• EXERCISE DETAILS:
Below are records with pictures in them. Transcribe everything from the line containing "Koala .Phascolarctos cinereus.Adult" down to the line containing "2833_Trotting horse race, State", exactly, and leave the pictures behind.

• SUPPLIED MATERIAL:

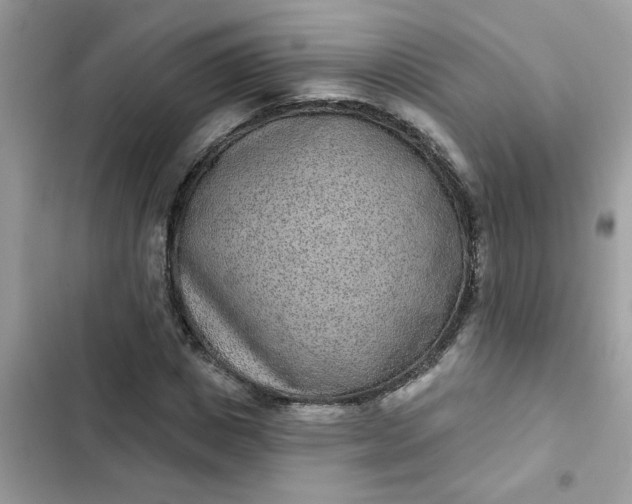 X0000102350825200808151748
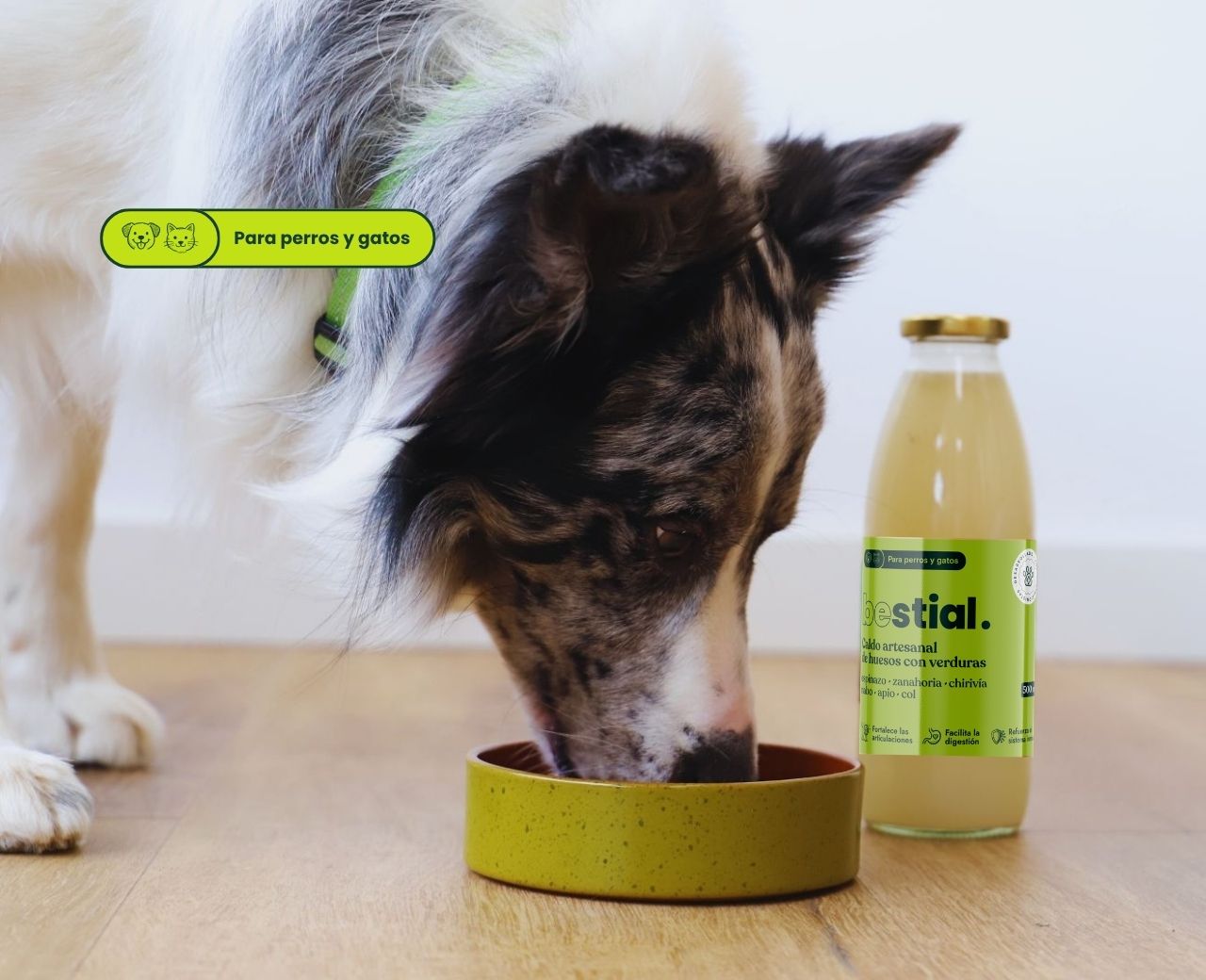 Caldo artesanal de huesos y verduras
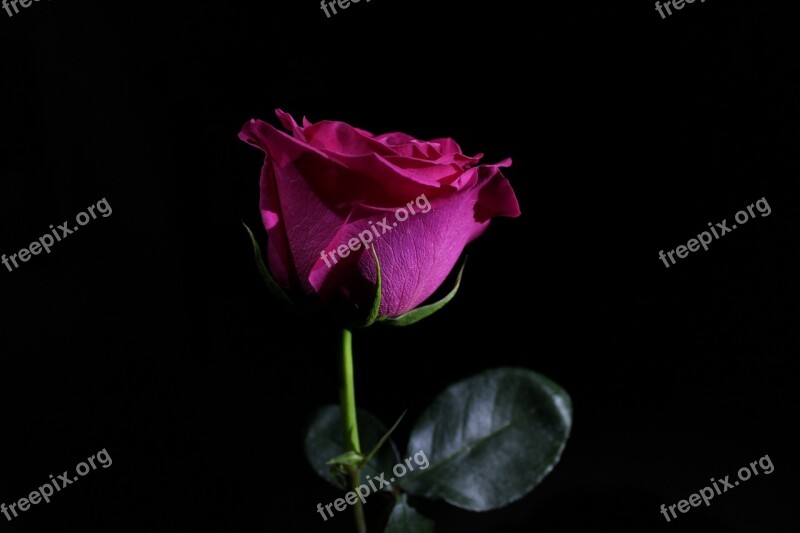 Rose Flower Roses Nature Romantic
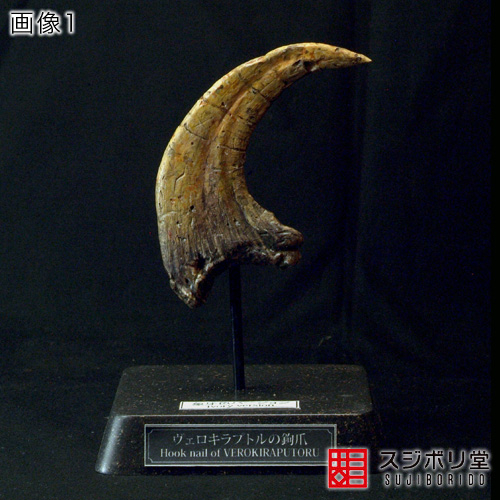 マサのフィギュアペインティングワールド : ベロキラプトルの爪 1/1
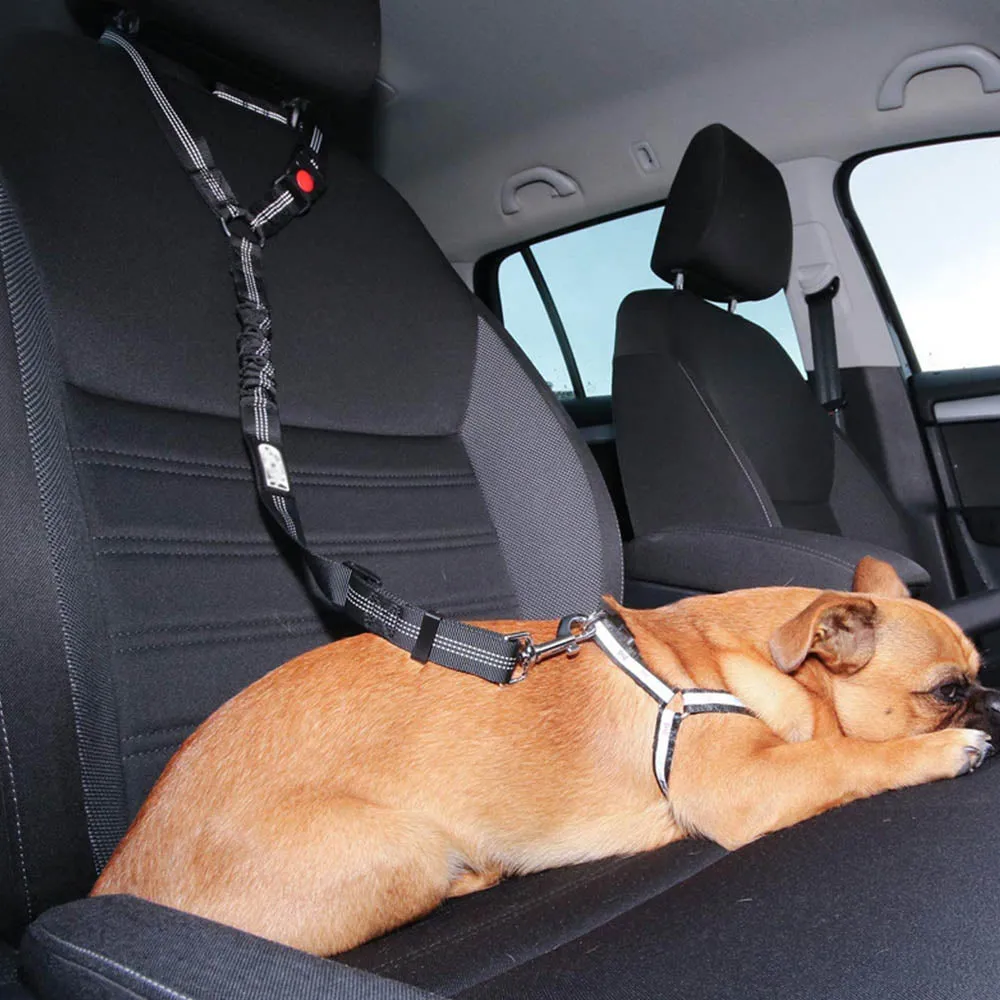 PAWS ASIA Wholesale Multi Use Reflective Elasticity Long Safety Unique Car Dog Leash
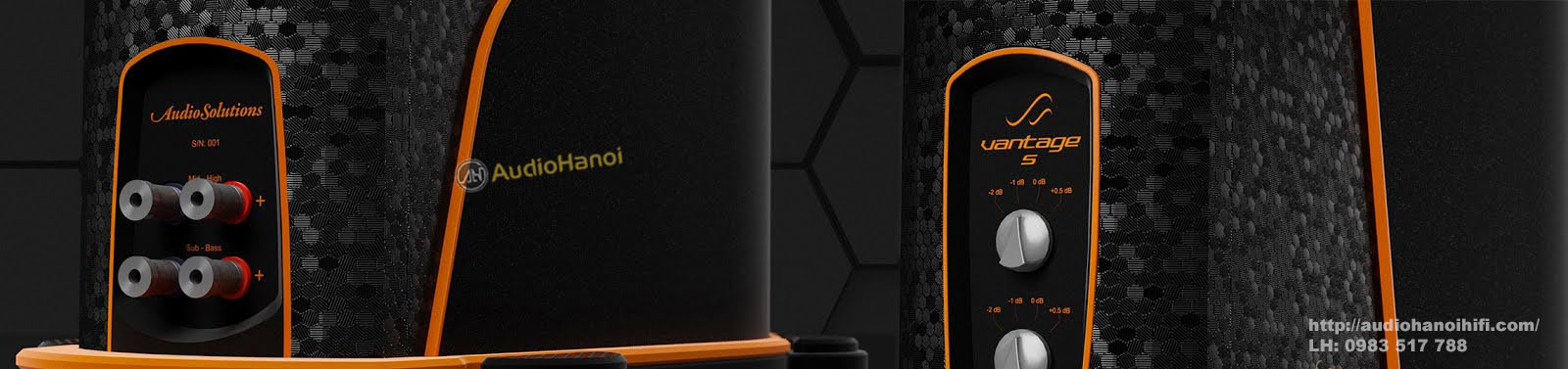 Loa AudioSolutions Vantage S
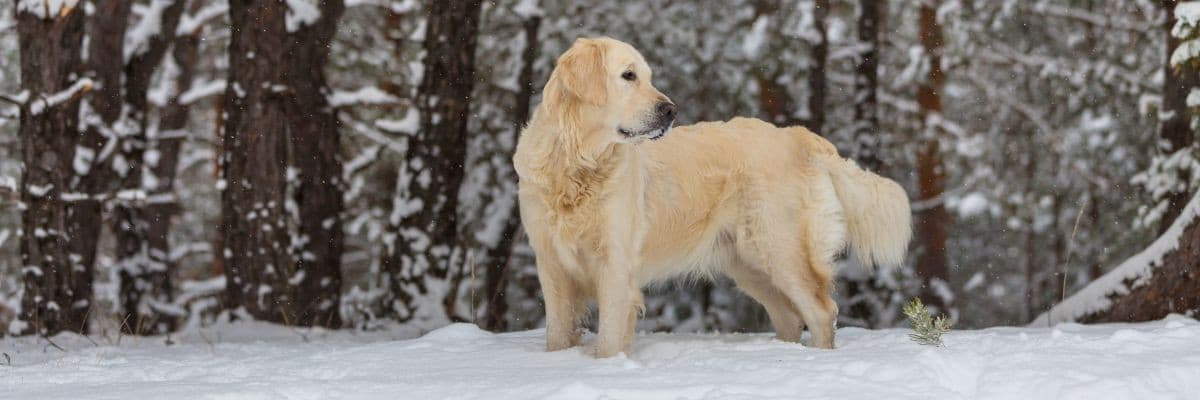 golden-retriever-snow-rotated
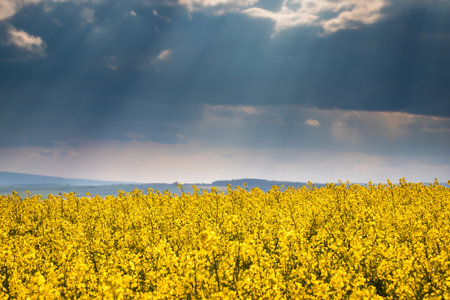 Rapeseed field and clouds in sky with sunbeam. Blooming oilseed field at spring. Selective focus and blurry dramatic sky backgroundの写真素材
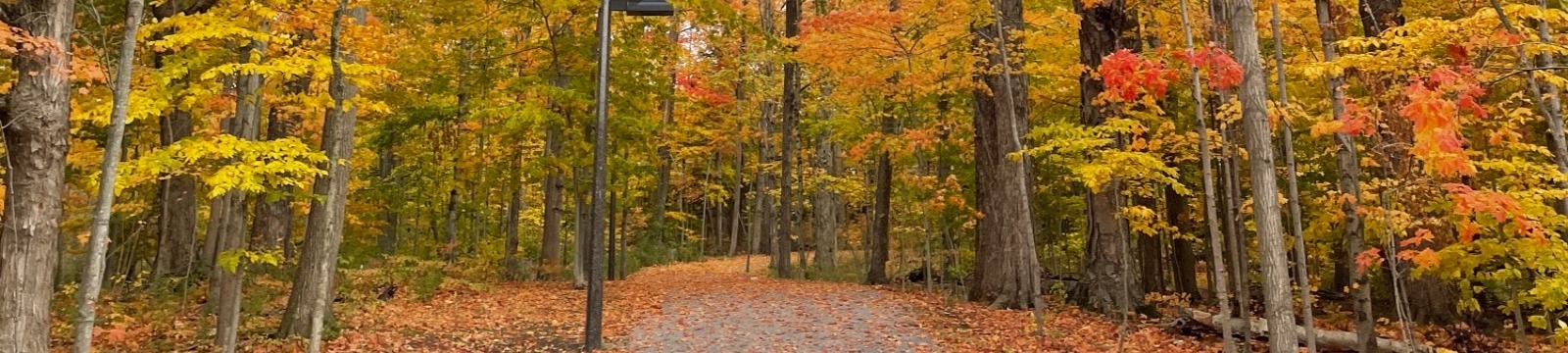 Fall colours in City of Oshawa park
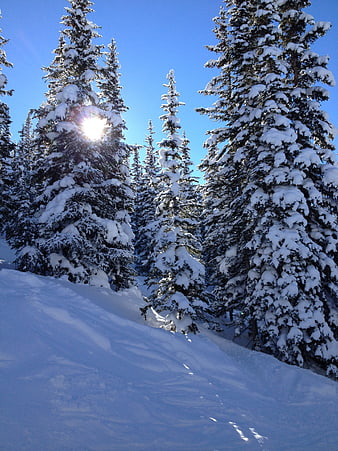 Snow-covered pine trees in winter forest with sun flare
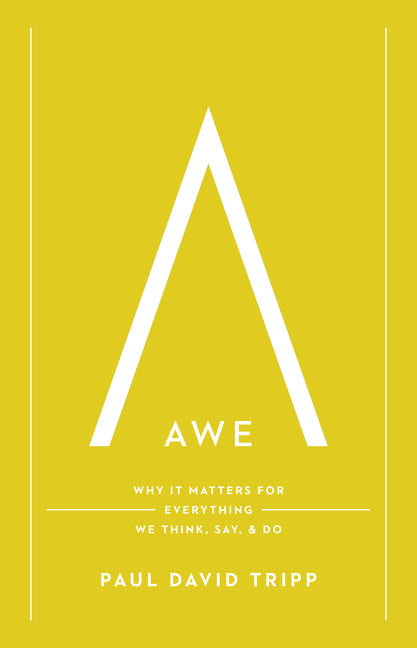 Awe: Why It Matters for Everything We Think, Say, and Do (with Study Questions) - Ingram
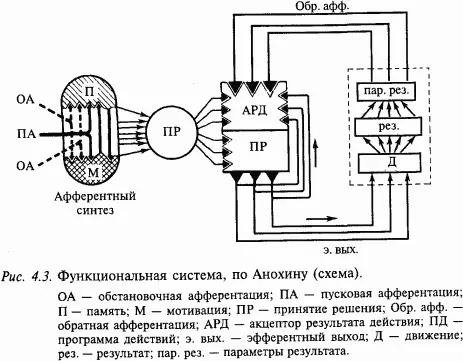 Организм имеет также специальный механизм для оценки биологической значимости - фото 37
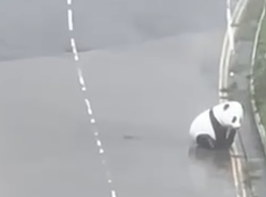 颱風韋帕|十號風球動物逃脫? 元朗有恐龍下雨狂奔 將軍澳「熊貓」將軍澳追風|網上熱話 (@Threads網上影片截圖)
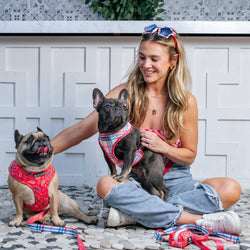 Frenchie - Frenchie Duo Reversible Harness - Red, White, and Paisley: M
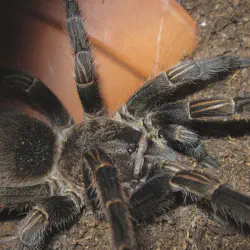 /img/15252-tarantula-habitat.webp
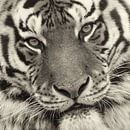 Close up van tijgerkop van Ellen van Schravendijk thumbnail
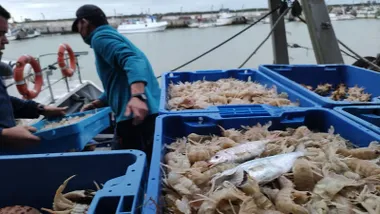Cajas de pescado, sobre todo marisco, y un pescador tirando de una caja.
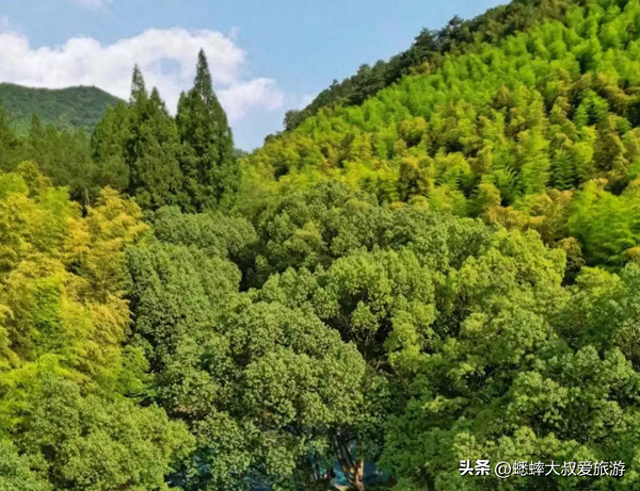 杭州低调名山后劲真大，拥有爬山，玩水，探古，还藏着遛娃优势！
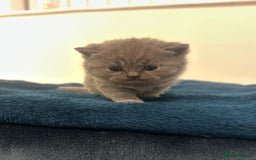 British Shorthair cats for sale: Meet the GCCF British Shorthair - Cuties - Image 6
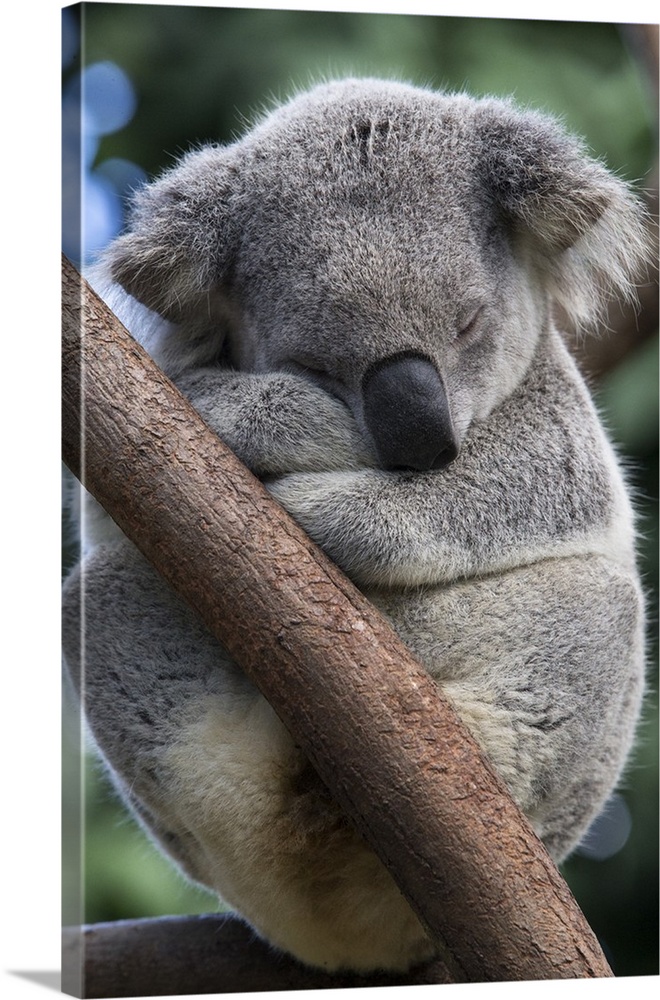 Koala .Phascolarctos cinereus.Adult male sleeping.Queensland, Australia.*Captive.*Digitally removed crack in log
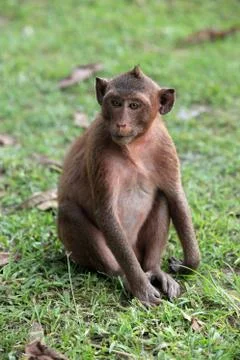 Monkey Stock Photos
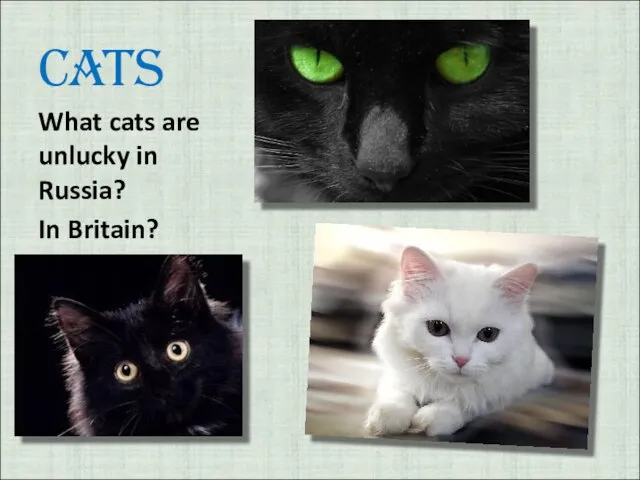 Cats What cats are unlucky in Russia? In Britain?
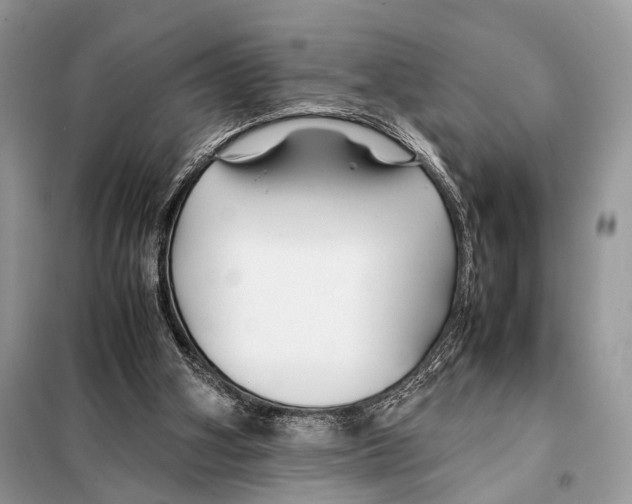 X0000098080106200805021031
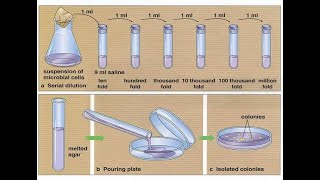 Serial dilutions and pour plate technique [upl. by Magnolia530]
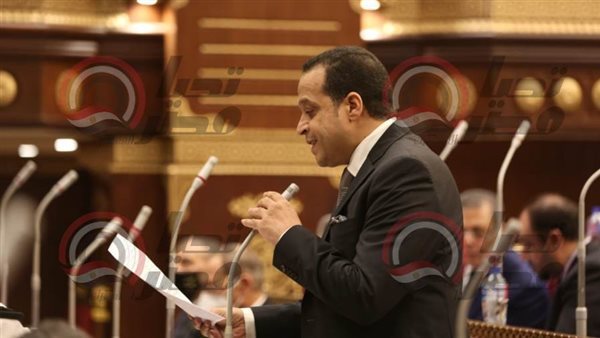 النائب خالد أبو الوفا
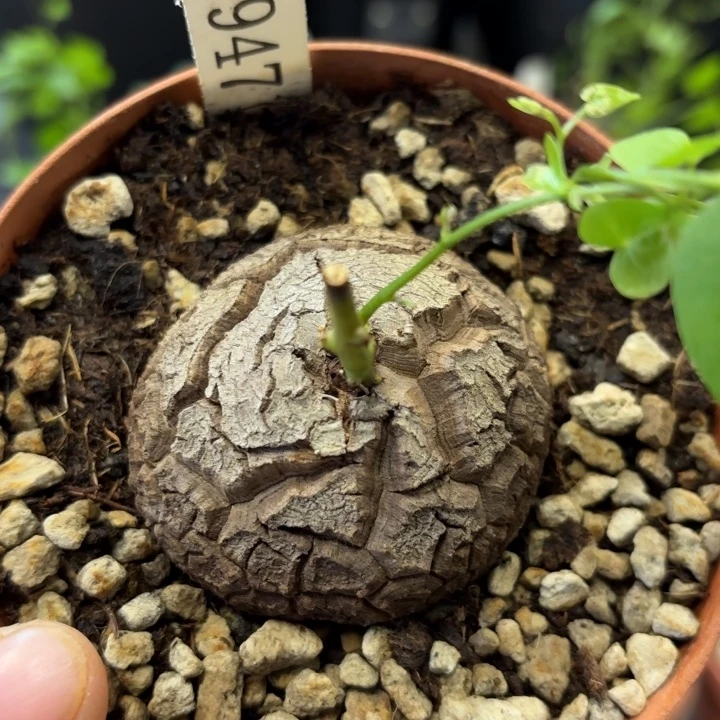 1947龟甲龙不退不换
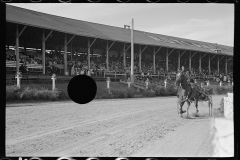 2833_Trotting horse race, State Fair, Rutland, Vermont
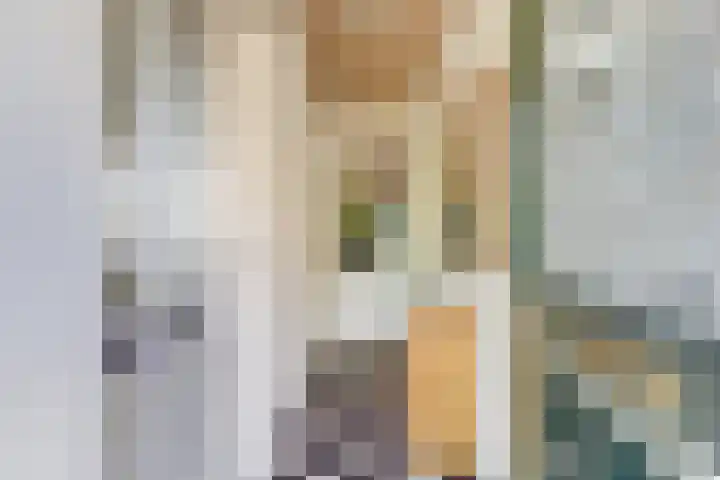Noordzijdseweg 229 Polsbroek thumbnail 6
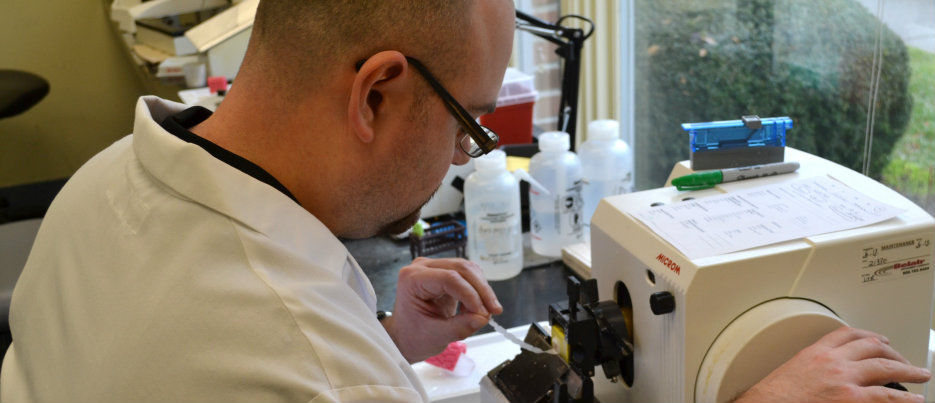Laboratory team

• OUTPUT FOR THIS TASK:
 Koala .Phascolarctos cinereus.Adult male sleeping.Queensland, Australia.*Captive.*Digitally removed crack in log
 Monkey Stock Photos
 Cats What cats are unlucky in Russia? In Britain?
 X0000098080106200805021031
 Serial dilutions and pour plate technique [upl. by Magnolia530]
 النائب خالد أبو الوفا
 1947龟甲龙不退不换
 2833_Trotting horse race, State Fair, Rutland, Vermont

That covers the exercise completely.